Todd Kennett (born July 12, 1969, in Middlebury, Connecticut) is a coach of the Division I Collegiate heavyweight rowing program at Cornell University. In 2006 and 2008, his lightweight varsity boat program captured both the Eastern Sprints Regatta and the Intercollegiate Rowing Association Championships ("IRA").

==Early life==
Todd Kennett was born in 1969 in Middlebury, Connecticut.

In 1987, at age 18, he entered as a freshman at Cornell University. A 1991 graduate of the Cornell University College of Agriculture and Life Sciences, Kennett received his bachelor of science degree in animal sciences. In his time at Cornell, Kennett was a member of the Heavyweight crew. He competed in the first freshman eight his first year and went on to row in the varsity eight for three consecutive seasons, including the 1991 campaign in which the varsity finished third at the IRA regatta and competed at the Henley Royal Regatta. He received the Butler Award for outstanding leadership and athletic performance as a senior. In his junior and senior years at Cornell, Kennett rowed in the U.S. Rowing Olympic Development and Pre-Elite camps. He also competed in the 1989 and 1990 Olympic Festivals, winning a bronze and gold, respectively.

==Coaching career==

After Graduating from Cornell in June 1991, Kennett served as coach of the Ithaca College women's novice rowing program from 1992 to 1993. He led the squad to a 22–2 record, two New York State Small School titles and two Murphy Cups. His Bomber crews also earned silver and bronze medals at the Dad Vail Regatta.
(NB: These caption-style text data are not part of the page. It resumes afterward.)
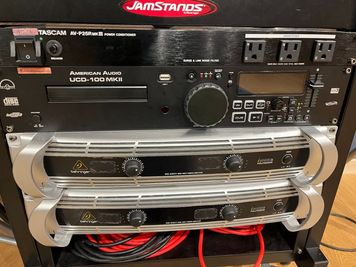 [パワーアンプ]
BEHRINGER iNUKE NU1000

[パワーディストリビューター]
TASCAM AV-P25RMKⅢ
 - ジェリージャムスタジオ 完全防音スタジオの設備の写真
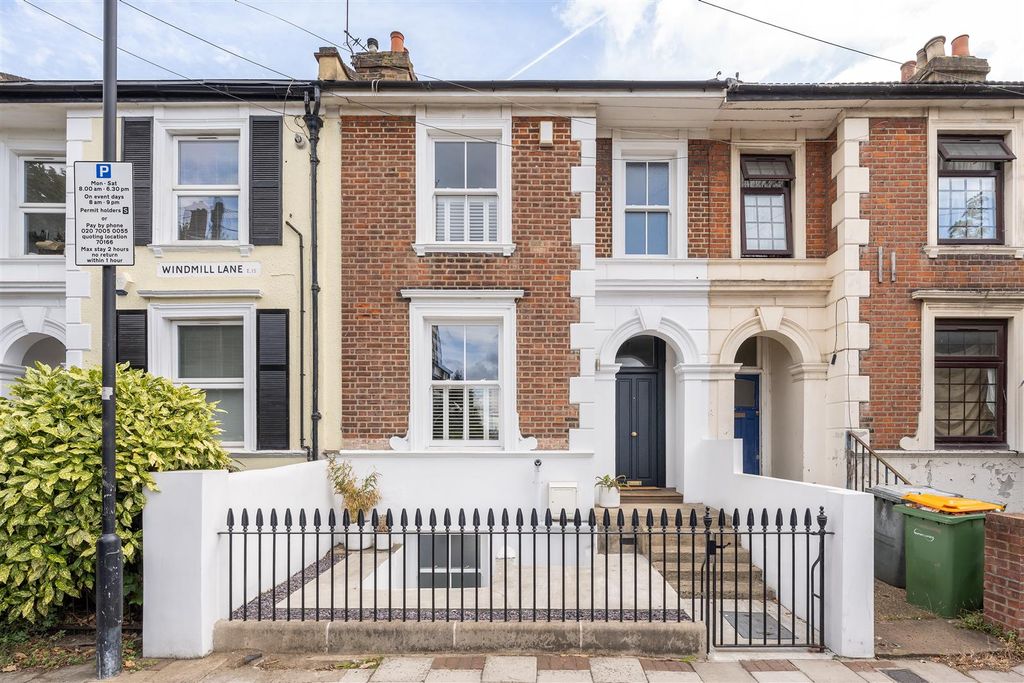 Property photo 1 of 33 Windmill Lane, E15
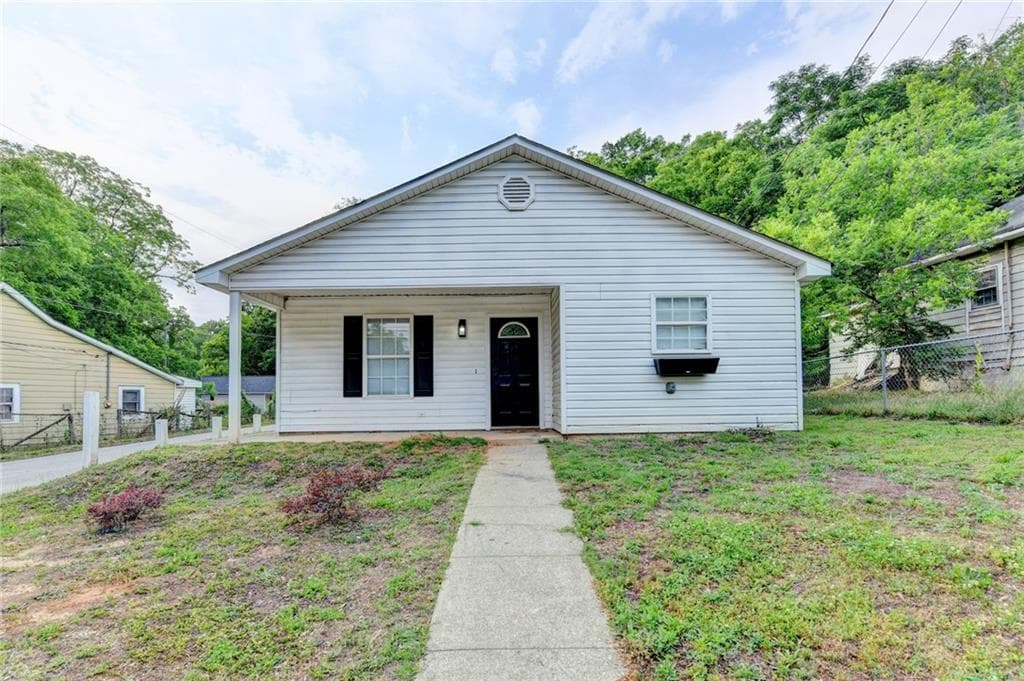 4 bedroom, 2 bathroom, 1,452 sq ft single family residence for sale at 801 Davis Street, Monroe, GA 30655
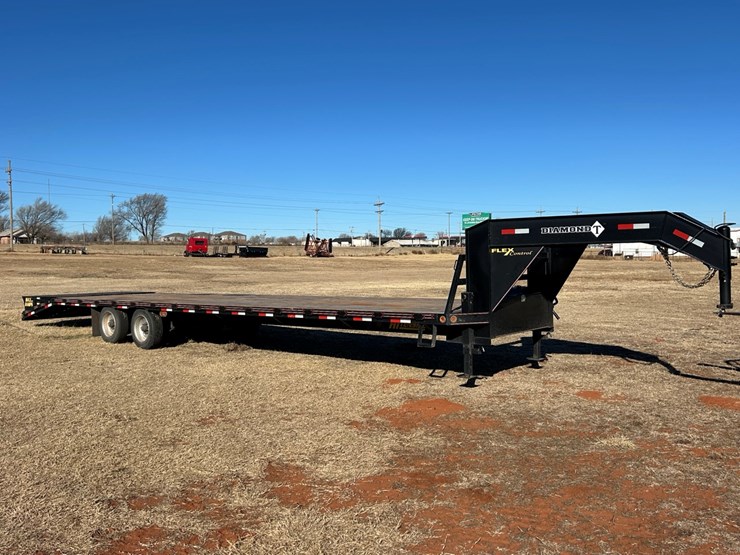 #89-•-2024-diamond-t-gn-flatbed-image-14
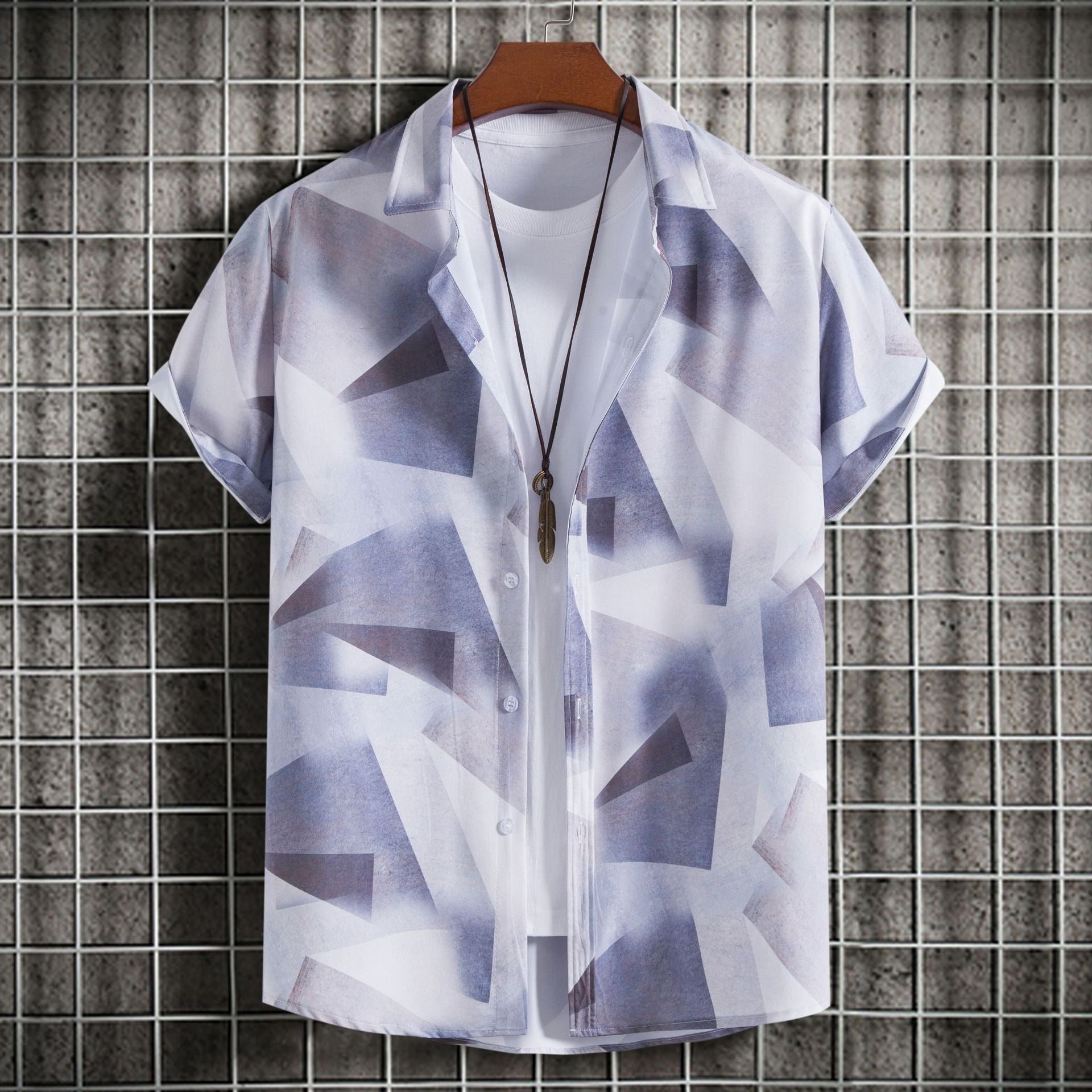 Camicia uomo slim-fit stampata a maniche corte di Valstrend, dettagli visibili in tessuto colorato e design moderno.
In 1994, Kennett was hired by Cornell University as freshman lightweight crew coach. In his second year of coaching lightweights, Kennett led the freshman to a silver medal finish at the eastern sprints on June 17, 1995. His first freshman eight earned bronze at the 1998 Eastern Sprints, with the second freshman boat taking silver. Cornell's second freshman eight was undefeated during both the 1996 and 1997 regular seasons. Under Kennett, the four-with-coxswain heavyweights finished third at the IRA Championship Regatta in 1994.

Kennett was named the Robert B. Tallman Class of 1941 Men's Lightweight Rowing Head Coach in 1998. In 2001, all three of his crews made it to the grand final of the Eastern Sprints Regatta. In 2001, his varsity pair earned a silver medal at the IRA Championship Regatta. In 2004, 2005, and 2008 his pair won gold at the IRA Championship Regatta.

In 2005, Kennett's varsity boat won a bronze at the Eastern Sprints followed with a Silver at the IRA Regatta. Both his first and second varsity boats captured Gold at the 2006 Eastern Sprints regatta. His varsity followed up its Eastern Sprints victory with a narrow win over Harvard at the IRAs to win the National Championship. In 2007, Kennett again led the lightweights to a win at the IRA. In 2008, Kennett's varsity lightweight crew won the Eastern Sprints title, the Jope Cup for lightweight supremacy, and the IRA title for a record third straight year.

In 2005, 2006, 2007, and 2008 the varsity boat went to the Henley Royal Regatta and raced in the Temple Challenge Cup, placing second in 2006 and 2007 to Oxford Brookes University and the University of California-Berkeley freshmen.

In June 2007, Kennett was promoted to the "Spirit of '57 Director of Rowing/Head Coach of Heavyweight Rowing" at Cornell University.

In 2010, Kennett was named the 2009-10 Eastern Association of Rowing College's (EARC) Coach of the Year, as voted on by the leagues’ coaches.